Can all cubic and quartic equations be solved by factoring? Explain.

[JSmith]

Can all cubic and quartic equations be solved by factoring? Explain. Create an example to use in your explanation.

 

[srmichael]

Can all cubic and quartic equations be solved by factoring? Explain. Create an example to use in your explanation.

Sounds like a question for YOU to answer? We need to see some work on your part to determine where you may be stuck so we know where we can help you. So I ask, Can all cubic and quartic equations be solved by factoring?

 

[JSmith]

I really have no idea to be honest...

 

[JeffM]

Can all cubic and quartic equations be solved by factoring? Explain. Create an example to use in your explanation.

Is this the question in its entirety? If so, is there context to the question?

I ask this because the question, as you have posed it, is a very bad question. The technically correct answer is "Yes." Providing a rigorous demonstration was beyond the powers of three centuries of very great mathematicians, including Gauss.
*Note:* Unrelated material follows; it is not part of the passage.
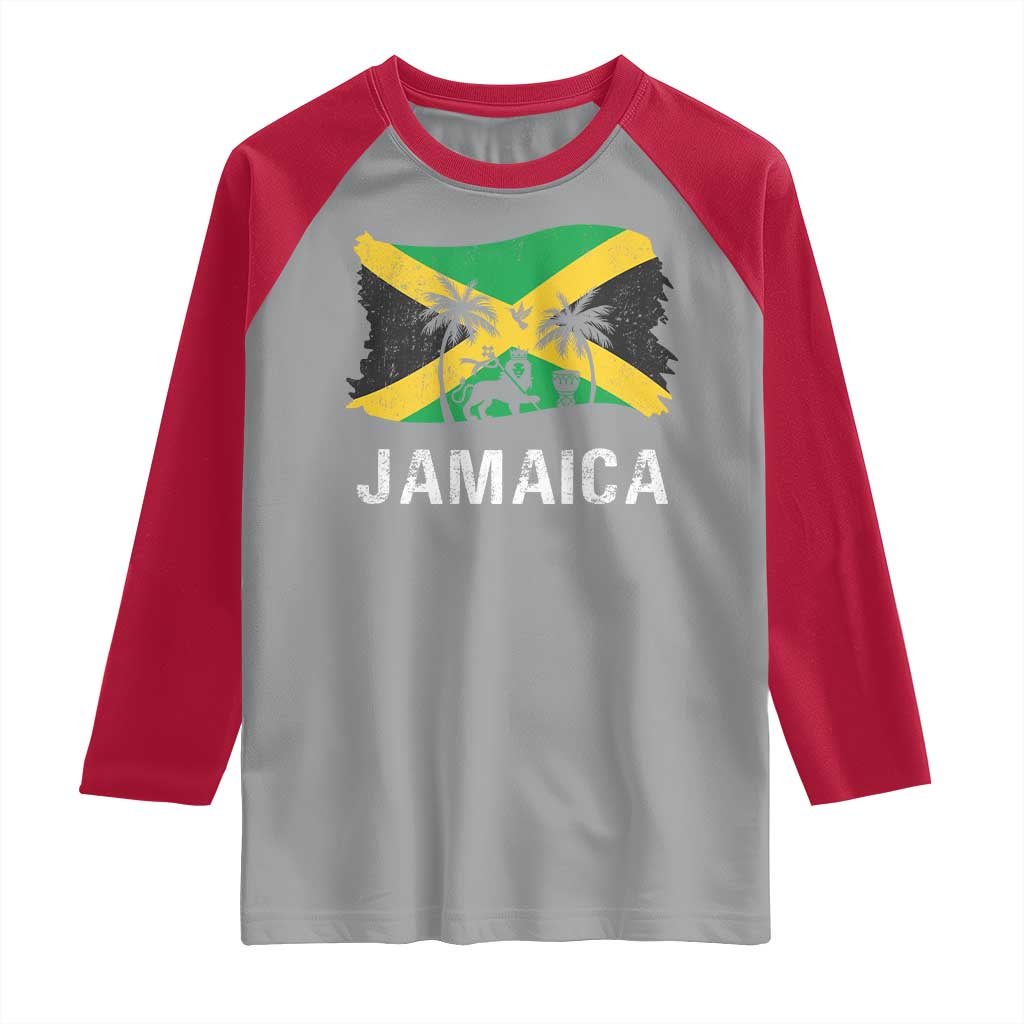 Jamaica Raglan Shirt Retro Vintage Jamaican Pride Flag Lion Of Judah TS10 Sport Gray Red Print Your Wear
http://en.wikipedia.org/wiki/Fundamental_theorem_of_algebra

On the basis of the theorem discussed in the article cited above, you should be able to construct a non-rigorous explanation of the technically correct answer.

Hint: How many real and complex roots do cubic and quartic equations have respectively? What does that imply?

 

[JSmith]

Is this the question in its entirety? If so, is there context to the question?

I ask this because the question, as you have posed it, is a very bad question. The technically correct answer is "Yes." Providing a rigorous demonstration was beyond the powers of three centuries of very great mathematicians, including Gauss.

http://en.wikipedia.org/wiki/Fundamental_theorem_of_algebra

On the basis of the theorem discussed in the article cited above, you should be able to construct a non-rigorous explanation of the technically correct answer.

Hint: How many real and complex roots do cubic and quartic equations have respectively? What does that imply?

No there was no other context, so I will just give it my best shot

 

[HallsofIvy]

That depends upon what you mean by "solved by factoring". Normally, when we solve just a quadratic by "factoring", we mean "factoring with integer coefficients". In that sense even the quadratics \(\displaystyle x^2- 2= 0\) and \(\displaystyle x^2+ 1= 0\) cannot be "solved by factoring". Of course, those can be factored as \(\displaystyle (x- \sqrt{2})(x+ \sqrt{2})\) and \(\displaystyle (x- i)(x+ i)\). If you simply mean "is it possible to factor all cubic and quartic polynomials", then the answer is clearly yes - and even higher degree polynomial equations. If, perhaps through some other methods, you can find all solutions to an nth degree polynomial, \(\displaystyle x_0\), \(\displaystyle x_1\), \(\displaystyle x_2\), ..., \(\displaystyle x_n\), you can then factor it: \(\displaystyle a(x- x_0)(x- x_1)\cdot\cdot\cdot(x- x_n)\).

 

[mmm4444bot]

I will just give it my best shot

Does this statement go without saying?



That is, I am wondering about the sorts of exercises with which you do not give your best shot.


It's okay to ask for hints or clarifications about anything, anytime!